The lack of data on the distribution of the water resources, possess a great challenge for the water resource investment and AI/ML-enabled advancements in the water sector compared to all other sectors like heath. This paper describes the methodology for combining different water mapping schemas to create comprehensive multi-platform water infrastructure data and enhance rapid updates to support a suite of water resource analytics and extended advanced technology explorations towards improved decision-making.
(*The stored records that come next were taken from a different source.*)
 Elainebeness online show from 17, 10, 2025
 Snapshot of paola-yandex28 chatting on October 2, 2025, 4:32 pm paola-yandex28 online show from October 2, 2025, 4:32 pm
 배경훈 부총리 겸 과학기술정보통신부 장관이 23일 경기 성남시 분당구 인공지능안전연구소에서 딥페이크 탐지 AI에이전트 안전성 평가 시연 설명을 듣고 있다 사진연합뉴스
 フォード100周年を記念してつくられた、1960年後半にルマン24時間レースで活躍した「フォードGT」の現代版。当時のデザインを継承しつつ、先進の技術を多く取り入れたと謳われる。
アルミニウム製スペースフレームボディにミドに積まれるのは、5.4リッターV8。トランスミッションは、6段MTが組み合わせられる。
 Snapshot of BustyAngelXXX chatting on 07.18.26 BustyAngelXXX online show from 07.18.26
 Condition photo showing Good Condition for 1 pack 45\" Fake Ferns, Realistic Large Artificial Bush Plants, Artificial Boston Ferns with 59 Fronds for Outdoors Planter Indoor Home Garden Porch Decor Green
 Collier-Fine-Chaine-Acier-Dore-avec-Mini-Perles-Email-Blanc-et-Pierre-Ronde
Access to clean and safe drinking water is critical to public health and socioeconomic prosperity, yet an estimated quarter of the world’s population lacks such. This was evidenced by the unprecedented outbreak of the COVID-19 pandemic, which left communities extremely vulnerable to fatal illnesses due to the limited access to water for handwashing or lack of knowledge of the existence of the utility. Subsequently, the lack of data on the distribution of the water resources poses a great challenge to the water resource investment and AI/ML-enabled advancements in the water sector compared to all other sectors like heath. Influencing the frequency of water point data collection through crowdsourcing and volunteered geographic information, would greatly improve the availability of water point data, and contribute to the extended roles of water resource distribution, monitoring, and management especially in rural communities. Therefore, this paper describes the methodology for combining different water mapping schemas to create comprehensive multi-platform water infrastructure data and enhance rapid updates to support a suite of water resource analytics and extended advanced technology explorations towards improved decision-making.
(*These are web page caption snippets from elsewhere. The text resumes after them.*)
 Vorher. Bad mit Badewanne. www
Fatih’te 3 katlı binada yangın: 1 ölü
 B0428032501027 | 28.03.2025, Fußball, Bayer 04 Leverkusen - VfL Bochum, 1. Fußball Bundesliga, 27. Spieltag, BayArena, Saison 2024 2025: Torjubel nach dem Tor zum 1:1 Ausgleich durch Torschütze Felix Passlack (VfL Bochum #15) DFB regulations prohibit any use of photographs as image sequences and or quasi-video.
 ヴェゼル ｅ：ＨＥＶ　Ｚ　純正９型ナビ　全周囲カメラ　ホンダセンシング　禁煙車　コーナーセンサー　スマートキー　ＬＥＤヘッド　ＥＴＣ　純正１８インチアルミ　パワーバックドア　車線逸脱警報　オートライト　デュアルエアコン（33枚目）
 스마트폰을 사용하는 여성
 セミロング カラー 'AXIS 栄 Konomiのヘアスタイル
The recent technological advances including the web 2.0, cameras, smartphones and sensor networks continue to empower the development of empirical methods as well as the generation of big data and analytical platforms that provide predictive performance on the various socioeconomic needs for sustainable development. OpenStreetMap (OSM) is a crowdsourcing platform which offers a collaborative experience through its database, community, and wiki platforms, to create and update data relevant to support or transform various data deficiencies whether humanitarian or planning. However, the project’s data quality shortcomings often hinder simultaneous data integration with other analytical platforms such as the Water Point Data Exchange (WPdx) that would explicitly maximize the usage and application of these crowdsourced data. Through a project dubbed ‘Water Infrastructure Mapping Uganda’, a data model based upon open mapping methods and survey tools was developed to facilitate the mapping of water infrastructure data points and simultaneous updates of both the WPdx and OSM databases.
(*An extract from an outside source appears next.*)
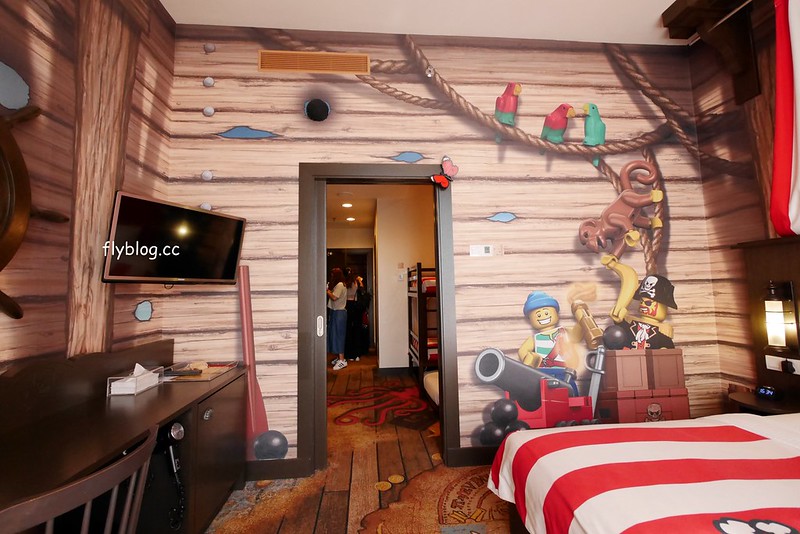 馬來西亞新山四天三夜┃樂高樂園飯店 Legoland Hotel：讓小孩子玩到瘋的新山樂高酒店，有不同的主題套房適合全家入住 @飛天璇的口袋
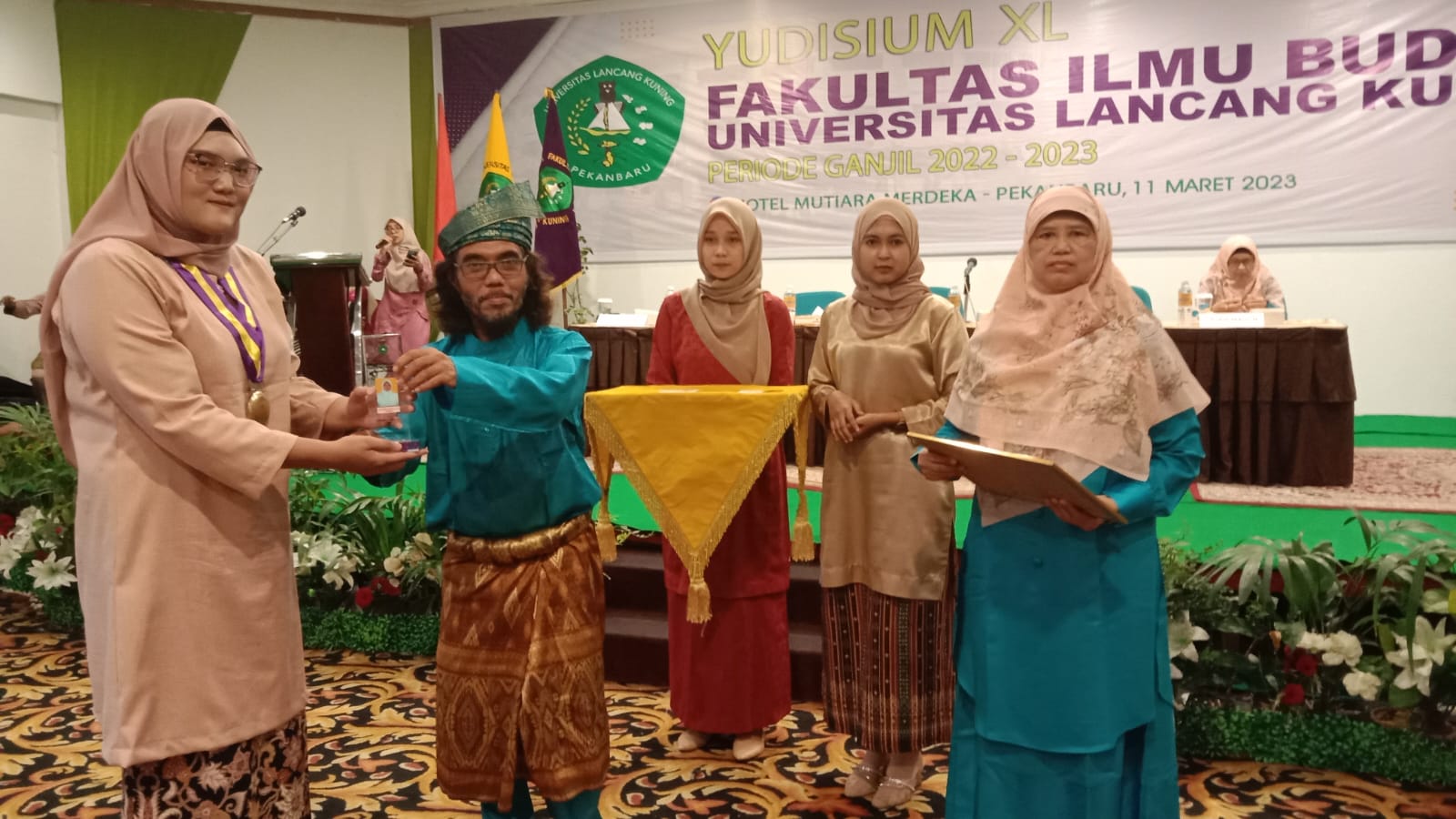 FEB Unilak Yudisium ke 66, Pemuncak Cindy Nur Indah Sari Riah IPK 3,93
The project engaged a comprehensive review of the OSM water tag, rural water infrastructure data standards and the WPdx database to generate a survey data form that supported one-time collection of a water point for both OSM and WPdx databases. Underlying the development of the data model/schema in the overall project, a design criterion was established which guided and justified the overall selection of the most relevant factors to include in the process that would eventually become detailed to communicate water infrastructure and functionality. The criteria were followed by an assessment of the; compliance [agreement of the tag], consistency [temporal and spatial representation of the tag], completeness [attribute description of the tag], and granularity [quality of the event information] of the OSM tag to support the development of the. osm language in the Kobo toolbox.
Gulu district, located in the North of Uganda, was identified as a potential pilot area for improving the approach created by the project based on its rich WPdx footprint as well as a well-established OSM community of YouthMappers. Up to date satellite imagery of up to 50cm spatial resolution was acquired through the USAID GeoCentre to facilitate any visual detection of water points, and the digitization of base map data including, buildings, roads and waterways, to be employed in the field mapping exercise. A field mapping workflow was designed to facilitate the field-data collection employing the developed water infrastructure data model and Kobo toolbox. An API link was developed that simultaneously tapped the open-source field collected data into the WPdx database.
Through the project, more than 15000 buildings, 1400square kilometres of roads and over 500 water data points were added to OSM as well as the WPdx database for the later data. Also, from the project, several observations were made regarding the improvement of such processes and the extension of the data model beyond one geographical area. The developed workflows characterized and provided a general improvement in the water infrastructure data quality especially for OSM based on WASH indicators used to officially report on the sustainable development agenda. The workflow development waivered the interoperability gap in geospatial data sharing platforms which often results from unharmonized data structures. It was established that the designed methodology cannot be applied to water data updates but rather to freshwater point data collection. This would lead to exponential water point data increase, however, the workflow may be revised to include the framework for data updates without having to engage the full field mapping process. As well, the data model design was mainly based on the African water infrastructure and open mapping reviews, hence, the transfer of the data model from one continent to another may require a review of some data factors to create better insights of the water indicators in a place of that given continent.